> [WHAT TO PRODUCE]: Each entry below is to be given again word for word, with no pictures.

> [Dataset entries]:
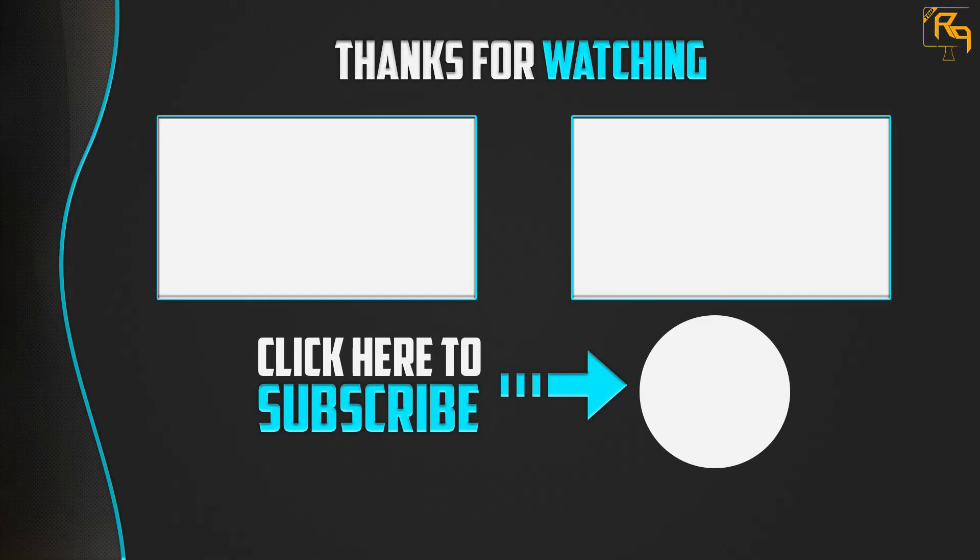Thanks for watching. I hope you liked this video. If this video was helpful to you, please make sure to like, comment, and subscribe. If you have any questions related to these products, you can leave a comment below and I will get back to you as soon as possible.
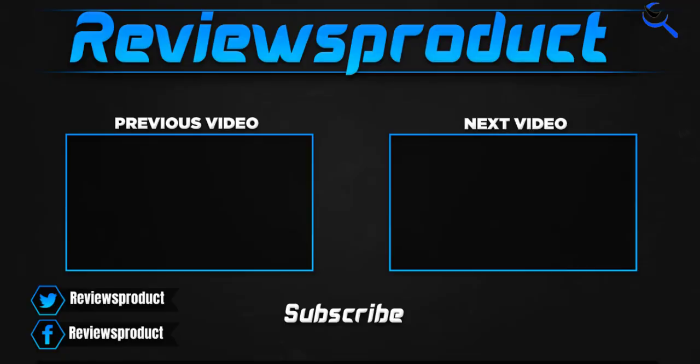Thank you for watching, guys. I hope you liked this video. If this video helped you, please make sure to like, comment, and subscribe. If you have any questions related to these products, you can comment down below and I'll get back to you as soon as possible.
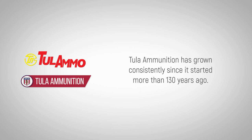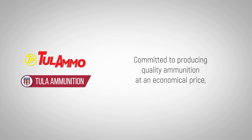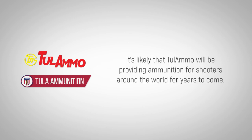Tula ammunition has grown consistently since it started more than 130 years ago. It is estimated that more than 500 million rounds were shipped to the U.S. in 2009 alone. Committed to producing quality ammunition at an economical price, it's likely that Tula ammo will be providing ammunition for shooters around the world for years to come.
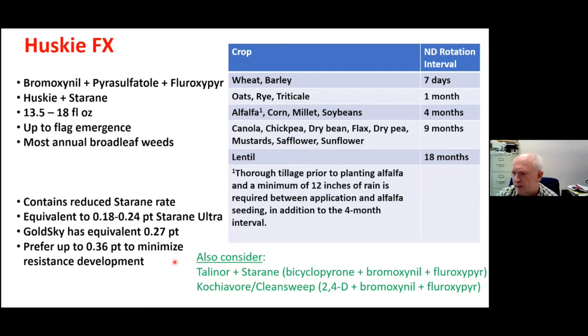For Husky FX, the only crop we have to worry about for rotation restrictions in North Dakota would be lentil at 18 months. With canola we're at nine months, so it shouldn't be an issue. I'm just bringing this up for consideration of products that have multiple modes of action to help us control kochia that's Roundup-resistant.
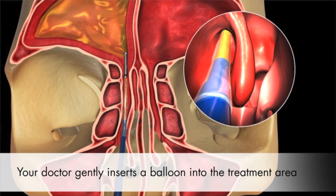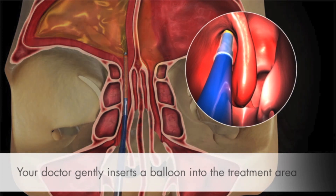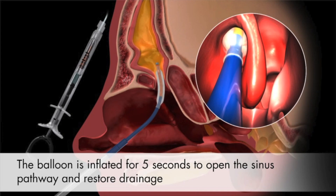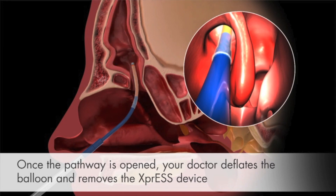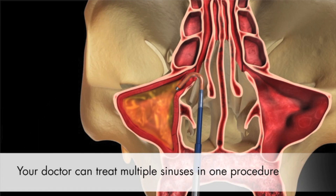Balloon sinuplasty is a way to gently dilate the natural opening of your sinuses without damaging any of the surrounding structures. By gently dilating the sinuses open, we remodel the paper-thin bony passages and cause a small amount of scar tissue to form and hold open the sinuses even when allergies make the rest of the lining swollen. This prevents sinus infections and allows you to breathe better, rinse better, and drain better, decreasing symptoms of facial pain, pressure, nasal drainage, nasal congestion, snoring, and sometimes headaches.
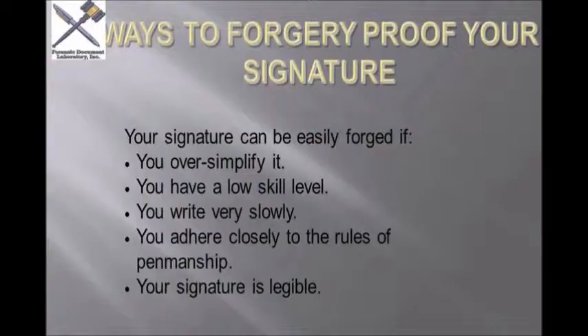Because all they have to do is remember what it was like in first grade and just copy that same thing. And also, if the signature is legible, that makes it more susceptible to having it copied.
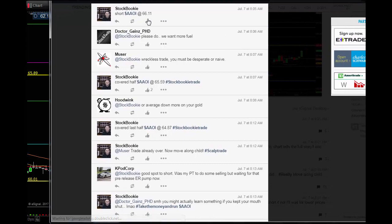We got in at 66.11, and then all the bulls come in. We hear 'reckless trade, you must be desperate or naive' — this was at 8:05. A couple minutes later we covered half at 65.59 — 1,000 shares, we usually do 1,000 shares on these. Last half covered at 64.87, so we were in this trade for about seven minutes, and that trade netted us about $880 plus commissions. That was a quick in and out.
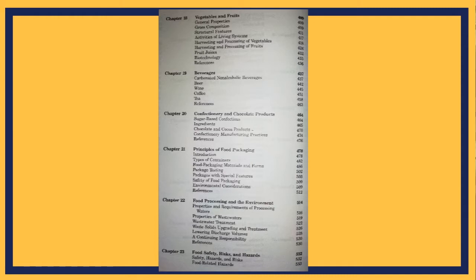Furthermore, there is a chapter for vegetables and fruits, a chapter for beverages that I recently read, a chapter for food packaging, and a chapter for food safety risks and hazards. Overall, there are 25 chapters in the book.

> [EXERCISE OUTPUT]:
Thanks for watching. I hope you liked this video. If this video was helpful to you, please make sure to like, comment, and subscribe. If you have any questions related to these products, you can leave a comment below and I will get back to you as soon as possible.
Thank you for watching, guys. I hope you liked this video. If this video helped you, please make sure to like, comment, and subscribe. If you have any questions related to these products, you can comment down below and I'll get back to you as soon as possible.
Tula ammunition has grown consistently since it started more than 130 years ago. It is estimated that more than 500 million rounds were shipped to the U.S. in 2009 alone. Committed to producing quality ammunition at an economical price, it's likely that Tula ammo will be providing ammunition for shooters around the world for years to come.
For Husky FX, the only crop we have to worry about for rotation restrictions in North Dakota would be lentil at 18 months. With canola we're at nine months, so it shouldn't be an issue. I'm just bringing this up for consideration of products that have multiple modes of action to help us control kochia that's Roundup-resistant.
Balloon sinuplasty is a way to gently dilate the natural opening of your sinuses without damaging any of the surrounding structures. By gently dilating the sinuses open, we remodel the paper-thin bony passages and cause a small amount of scar tissue to form and hold open the sinuses even when allergies make the rest of the lining swollen. This prevents sinus infections and allows you to breathe better, rinse better, and drain better, decreasing symptoms of facial pain, pressure, nasal drainage, nasal congestion, snoring, and sometimes headaches.
Because all they have to do is remember what it was like in first grade and just copy that same thing. And also, if the signature is legible, that makes it more susceptible to having it copied.
We got in at 66.11, and then all the bulls come in. We hear 'reckless trade, you must be desperate or naive' — this was at 8:05. A couple minutes later we covered half at 65.59 — 1,000 shares, we usually do 1,000 shares on these. Last half covered at 64.87, so we were in this trade for about seven minutes, and that trade netted us about $880 plus commissions. That was a quick in and out.
Furthermore, there is a chapter for vegetables and fruits, a chapter for beverages that I recently read, a chapter for food packaging, and a chapter for food safety risks and hazards. Overall, there are 25 chapters in the book.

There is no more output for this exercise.